Un día, después de dos años del nacimiento de mi hermano, mi mamá me estaba llevando al Colegio Hebreo Unión y se fue para donde su madre, mi abuelita Bertha. Mi papá había estado en un sepelio. Cuando salí del colegio mi mamá pasó por mí: estaba llorando, estaba muy asustada y se encontraba en un estado un poco ansioso, porque una mala noticia había acontecido: el apartamento se había incendiado completamente: todo quedó negro, las cosas materiales se habían dañado: los televisores, los muebles estaban todos quemados, la cocina; fue un caos según las fuentes de los vecinos y el cuerpo de los bomberos. La historia del incendio comenzó cuando nuestras empleadas de servicio se encontraban enfermas, eso hizo que mi madre contratara, por un par de días, a unas personas que la ayudaran en el aseo, la limpieza y demás asuntos de la casa. En el cuarto del servicio, que quedaba dentro de la cocina, la plancha quedó conectada hasta sobrecalentarse; esto logró que ésta explotara. Ahí empezaron las llamas a invadir toda la casa, que iban quemando todo poco a poco. La mayoría no estábamos allí, pero mi papá se encontraba en el cuarto de Habib; sin embargo, mi papá, luego de llegar del sepelio, decidió descansar ahí, mientras que toda la casa se encontraba en fuego, fuego puro. De repente, algo hizo que mi papá se pudiera despertar de ese sueño profundo. Cuando él abrió la puerta para salir, porque sintió algo que no estaba bien, dijo que fue la primera vez en su vida que vio el propio infierno en frente de sus ojos. Abrió la puerta y todo era oscuridad, humo y llamas. Él cerró la puerta y trató de buscar una salida, pero se encontraba en un segundo piso del apartamento, y la única forma de poder encontrar una puerta eran las ventanas, es decir, tirarse hacia el parqueadero. Mi papá pretendía tirarse con el colchón, pero cuando lo iba a hacer, los vecinos y los bomberos pudieron romper la puerta para apagar el fuego y así rescatar a mi papá, quien se encontraba ya en la ventana a punto de saltar para salvarse.
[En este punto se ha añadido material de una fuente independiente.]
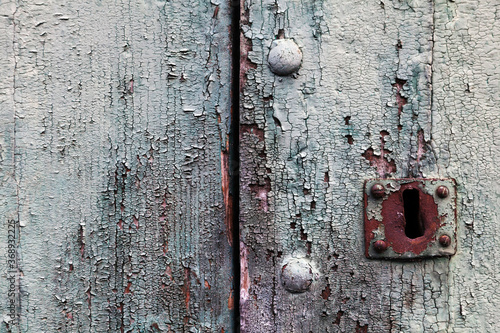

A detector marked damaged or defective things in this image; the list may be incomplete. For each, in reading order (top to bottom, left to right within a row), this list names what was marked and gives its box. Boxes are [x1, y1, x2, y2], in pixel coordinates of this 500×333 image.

rusty metal lock plate [364, 179, 458, 260]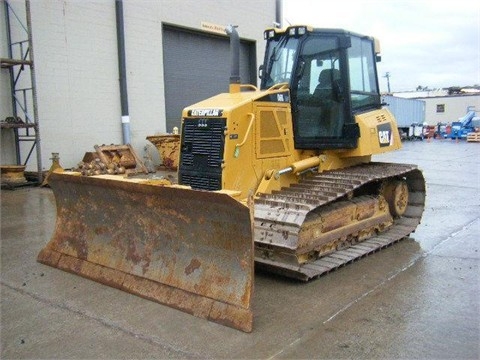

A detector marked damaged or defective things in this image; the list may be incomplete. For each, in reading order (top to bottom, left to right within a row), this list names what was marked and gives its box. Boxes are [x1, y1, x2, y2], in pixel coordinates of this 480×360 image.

La casa se encontraba toda negra, las cosas materiales se había quemado, todo se había perdido, y, para completar, el seguro de la casa una semana antes se había vencido y mi papá no vio el afán de pagarlo. A pesar de todo, la vida de mi papá se encontraba a salvo que era lo más importante, también la del resto de la familia. La noticia nos cayó de sorpresa porque al llegar y ver todo así, fue muy fuerte para mis padres: era el sueño que mi papá le había dado a mi mamá, todas las cosas que le compró, todo lo que había planeado. Se perdieron muchos millones de pesos, pero eran cosas materiales que tarde o temprano se podían llegar a recuperar. Como les decía, la casa se encontraba en un estado impresionantemente triste, todo estaba oscuro; la verdad, parecía el propio infierno, así como mi papá lo mencionó; pero al cuarto de mi hermano Habib no le sucedió absolutamente nada: ni una mancha.